The example given, for example, 0.123456789112233445566… is not normal and not just because there are no 0’s. It will not contain all finite length strings of possible digits.
All normal numbers are disjunctive, i.e. they will contain every finite string, but not all disjunctive numbers will be normal.
So, the answer to the OP is normal numbers is the name of such numbers, at least for finite length subsequences. Clearly, containing every possible infinite length decimal expansion would be a different beast.
Edit:
Also, it is worth noting there is a difference between being absolutely normal and being simply normal in a particular base. There are numbers that are not normal in base 10 but are normal in other bases. Certain numbers (like e or pi) are suspected of being normal across all integer bases but this hasn’t been proven.
If we think of a (infinite) sequence of digits expressed in some base as a coded message, and containing certain specific information, wouldn’t the information still be present even if the message was expressed in a different base/code? Are only certain bases capable of containing (or encoding) all the information? Or is being normal not really ‘information’.
Phrased differently, if we can convert an expression from one base to another, isn’t the information they contain the same, including any property of normality?
As my Information Theory professor once said, it depends on how one defines “information”, which has always been a bit nebulous. Numbers are numbers, so, in one sense, they contain the same “information” no matter the base in which they are represented.
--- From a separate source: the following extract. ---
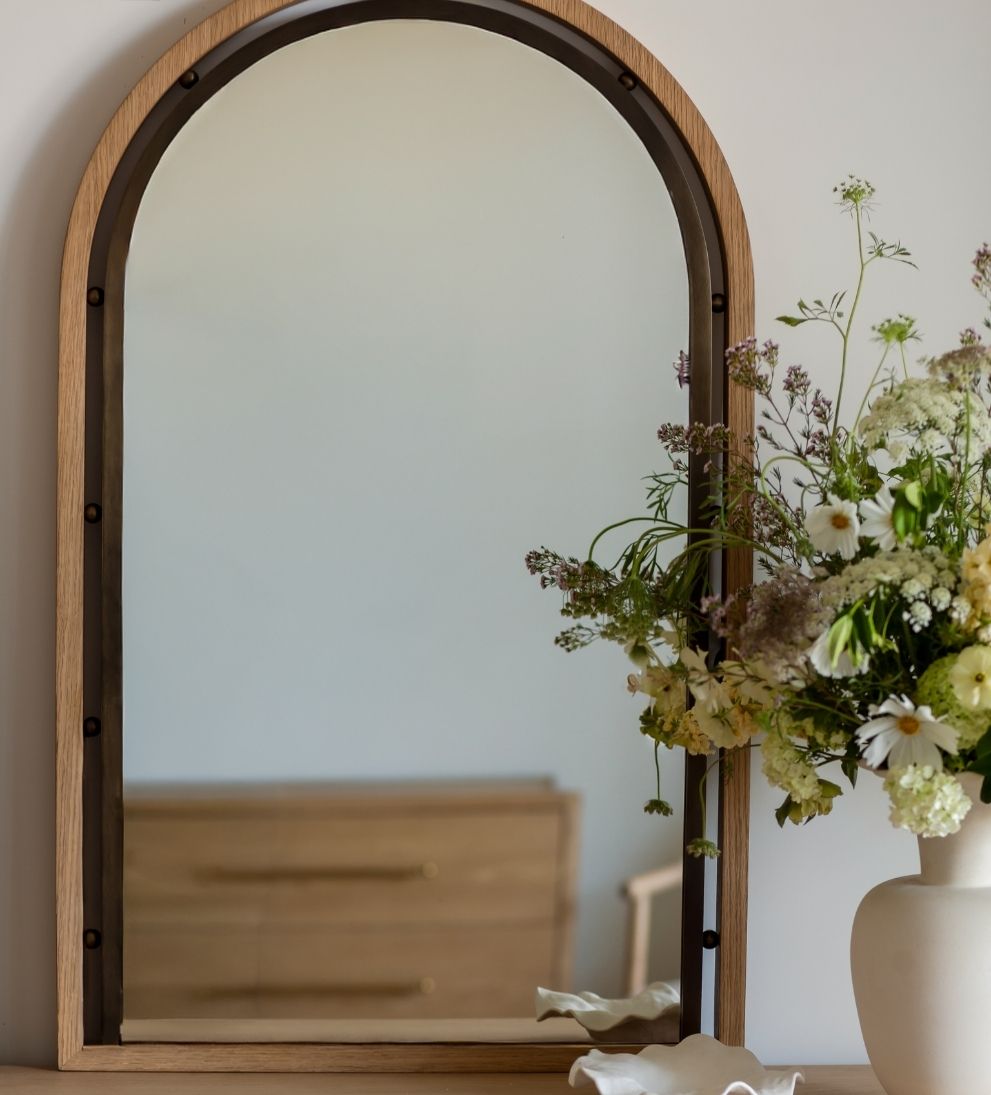 Como Arch Mirror in Aged Brass & Light Oak Wall Mirrors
But the concept or normality concerns that representation itself.
In this particular case, the OP is mixing a few things up.
There is the concept of a “simply” or “weakly” normal number. This is simply a number for which single digits can appear equiprobably. The thing is, rational numbers can be simply normal. For example 0.012345678901234567890123456789… (0123456789 repeating) is simply normal in base 10, even though it is a rational number.
Irrational numbers can be simply normal without being ‘regular’ normal in a particular base. They can also be simply normal in one base without being normal at all in another base. For example, the binary number 0.10101010… (2/3 in base 10) is both simply normal in base 2 but not normal in base 10.
Then there are generally normal numbers, which contain all finite possible integer subsequences. For base 10, a well known example is Champernowne’s number, i.e. 0.01234567891011121314… (i.e. just tag on each successive positive integer to the last). By construction, this number is fully normal in base 10 but it is not known if it is normal in any other base. Perhaps it is, but there is no proof.
One of the more interesting things is (and it is always a bit wonky when discussing infinite sets) that ‘almost every’ real number is normal. It can be proved that the set of non-normal real numbers has Lebesgue measure 0. What that means - as an example, the subset of real numbers that consists of only integers (or any countable subset of the reals) has Lebesgue measure 0, i.e. there are “more” normal reals than non-normal reals (whatever “more” means when comparing infinite sets).
In fact, most real numbers are truly normal, not just in any one base, but in every base. Practically speaking, what this means is that every number is normal, unless there’s some good reason for it to not be normal. Rational numbers have good reason not to be normal. A number of specially-constructed numbers have good reason not to be normal. But nobody knows of any good reason for pi to not be normal, so we guess that it is. Maybe we’re wrong: Maybe there’s some good reason why pi wouldn’t be normal, and we just haven’t discovered it yet. We don’t know for sure, and probably can’t know for sure.
This sentence makes it appear that you are arguing that normality and containing every sequence of digits are equivalent. This is not true (and given your subsequent posts you probably know this and just didn’t express it well in this post.) The property described in the OP is an necessary condition for normality but not a sufficient condition. For example we could write a sequence of digits that first goes through every combination of single digits, and then goes through every combination of 2 digits, then every combination of 3 digits etc. and so eventually hit every combination of N digits for any finite N. If we then placed separators between each of these sequences containing a number of 9’s equal the the digits in the sequence being separated, then it would still contain every sequence of numbers but wouldn’t be normal, since about half of the digits would be 9.